Between the engine and rear wheel of the Suzuki Burgman 650 Executive, the maxi-est of the maxi-scooters, is the Suzuki Electronically-Controlled Continuously Variable Transmission, or SECVT if you prefer five letters instead of 62. Among the left handlebar’s many multicolored buttons that control eight separate functions, three regulate the SECVT: a gray one toggles between two fully automatic modes (power or drive), a yellow one toggles between automatic and manual shift modes and an orange one toggles between six predetermined CVT ratios in manual shift mode. (The other buttons switch between high and low beam, flash the headlight, signal turns, bleat the horn and electronically retract the mirrors.)
According to Shinobu Tsutsumikoshi, a Suzuki engineer who helped develop the SECVT, “We refined the already-efficient CVT system even further through integrated electronic control of both engine and transmission.” Instead of a conventional centrifugal CVT that uses a rubber belt to adjust the gear ratio, the SECVT varies the drive-pulley diameter with an electric actuator motor. An ECU calculates the target engine speed based on vehicle speed and throttle position, and adjusts the CVT ratio accordingly. The SECVT uses a Dry Hybrid Composite Belt made of H-shaped high-strength aluminum blocks embedded with heat-resistant rubber tension members and covered with resin. The durable belt runs dry to avoid the frictional losses of an oil bath and helps keep the transmission light and compact.

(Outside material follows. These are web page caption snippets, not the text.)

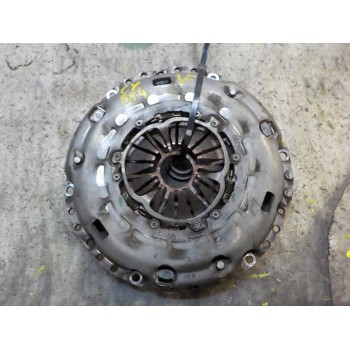 KIT EMBRAGUE 2300A036 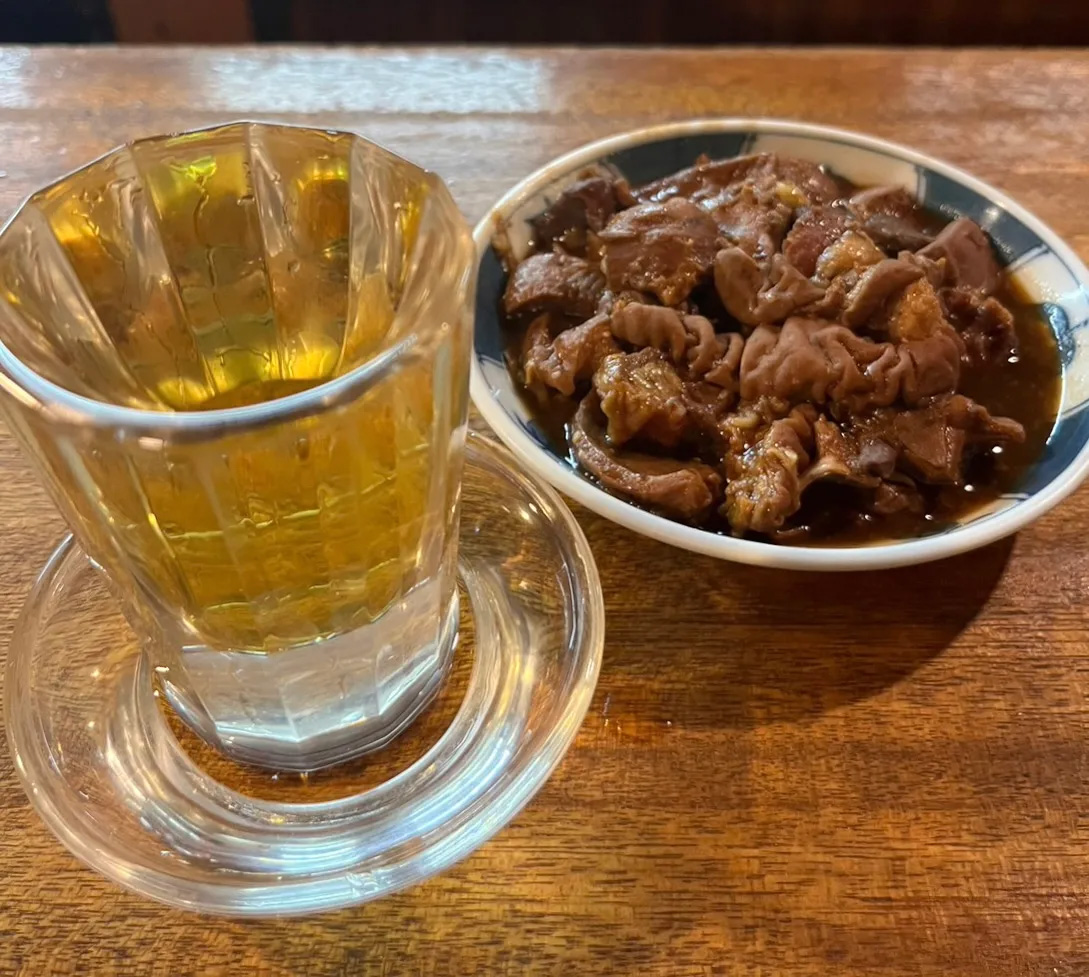 【#1000円で何する？】

生まれも育ちも（東京・葛飾）立石という三越伊勢丹の田代径大さんが選んだのは、呑ん兵衛の桃源郷「宇ち多゛（うちだ）」の煮込みと梅割り🍻

「“漢気”（おとこぎ）あふれる接客にピリつくのも宇ち多゛の良さ(笑)」とコメント

詳細はリプライへ👇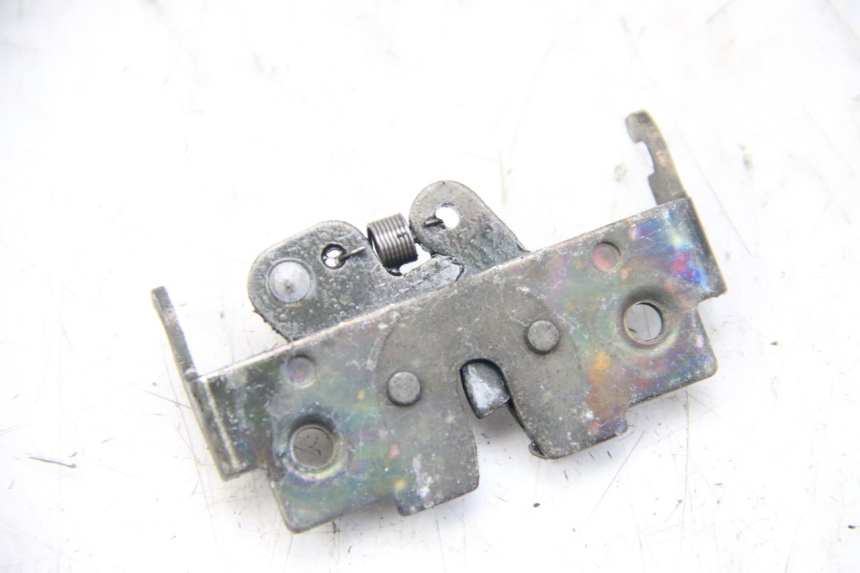 photo de SERRURE DE SELLE HONDA PES PS I 125 (2006 - 2012) - Zoom état d’usage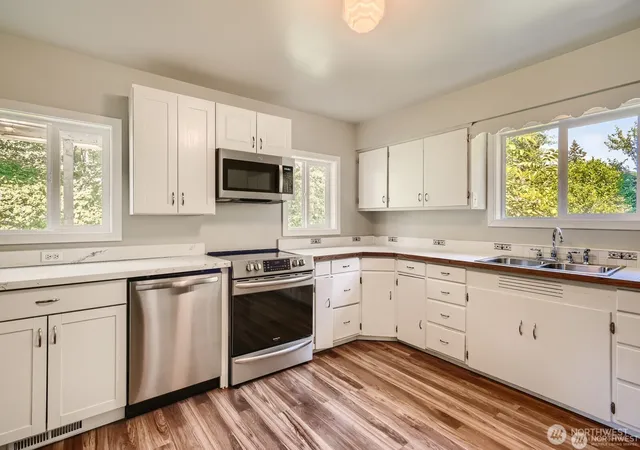 Photo 4 of Sale Pending at 600 Wildwood Blvd SW, Issaquah, WA 98027 | MLS# NWM2533801 | Listing updated on 2026-09-25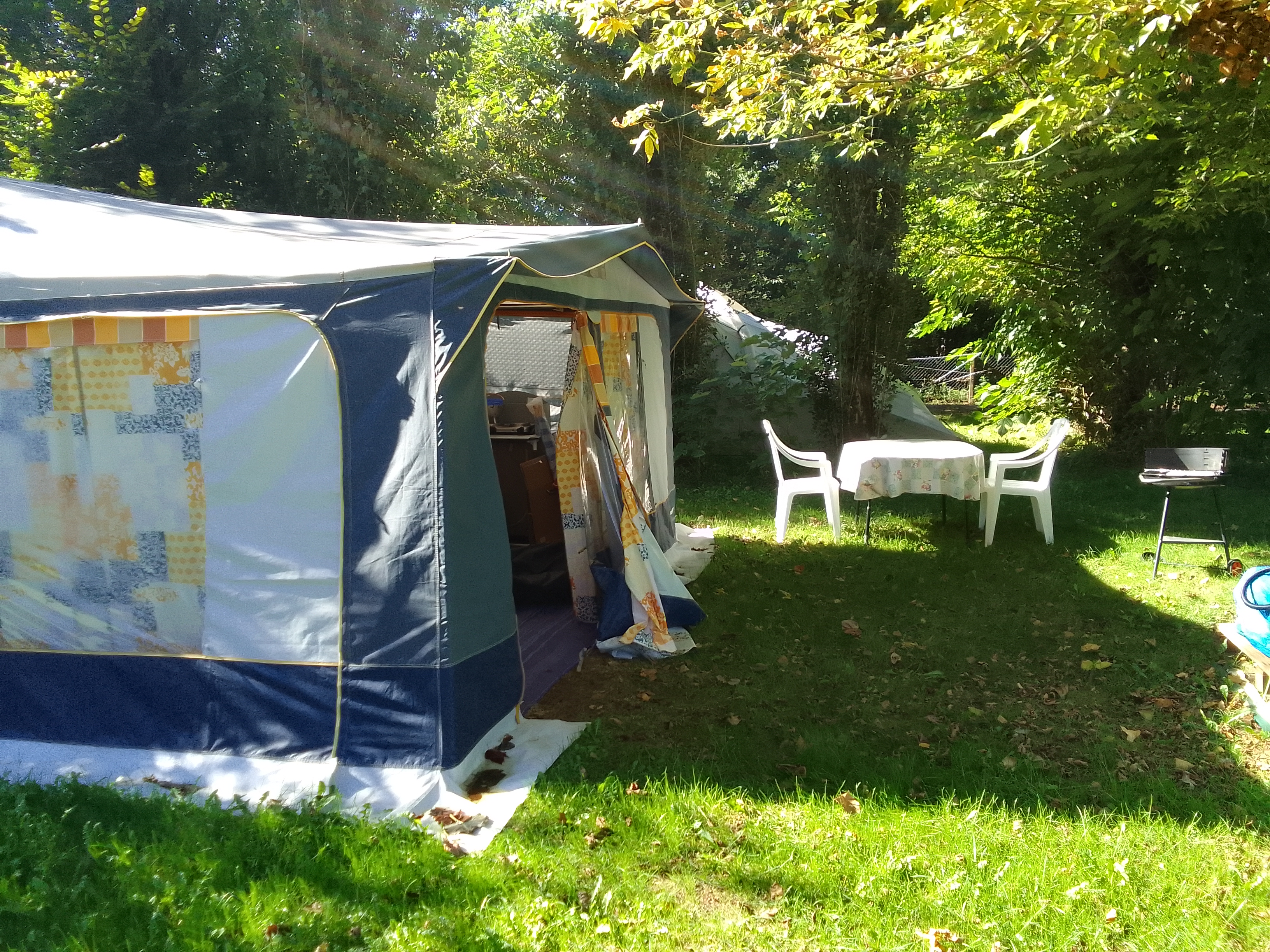 Accommodation - Caravane Gwen 2 Bedrooms - Camping Le Plein Air Neuvicois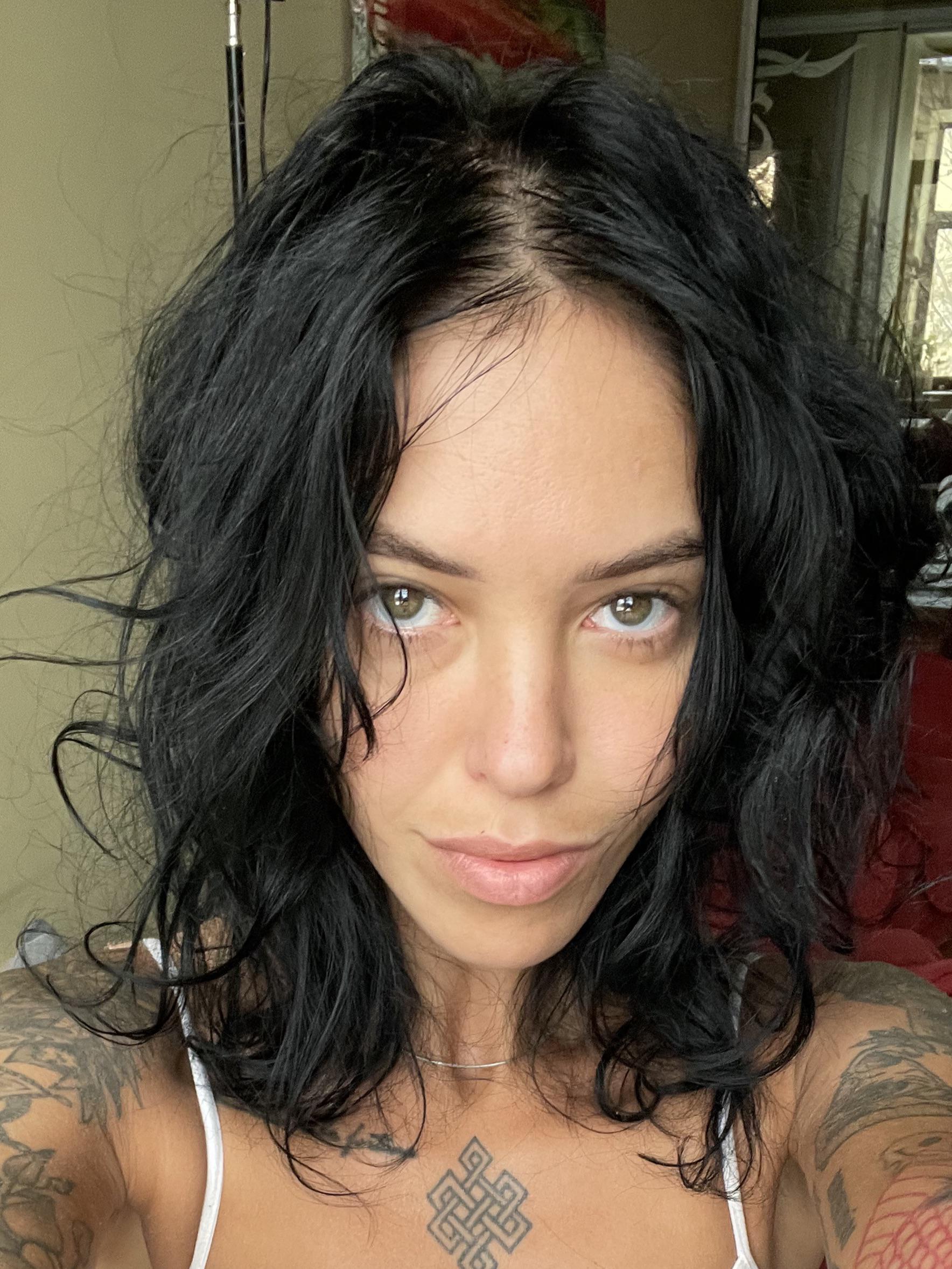 When I wake up, they behave the best😅 r/Hair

After adapting to the location and function of the SECVT’s buttons, and taking care to override my instinct to pull in the rear brake lever thinking it was the clutch, I quickly cozied up to the SECVT. When shifting is done automatically, drive mode optimizes the CVT ratio for fuel efficiency and power mode optimizes for acceleration. When shifting is done manually, the up/down buttons move between the preset “gears,” identified by a numeral on the LCD instrument panel. And regardless of mode, the SECVT shifts into neutral at a stop. Speeding up and slowing down is seamless, with no need to blip or roll off the throttle.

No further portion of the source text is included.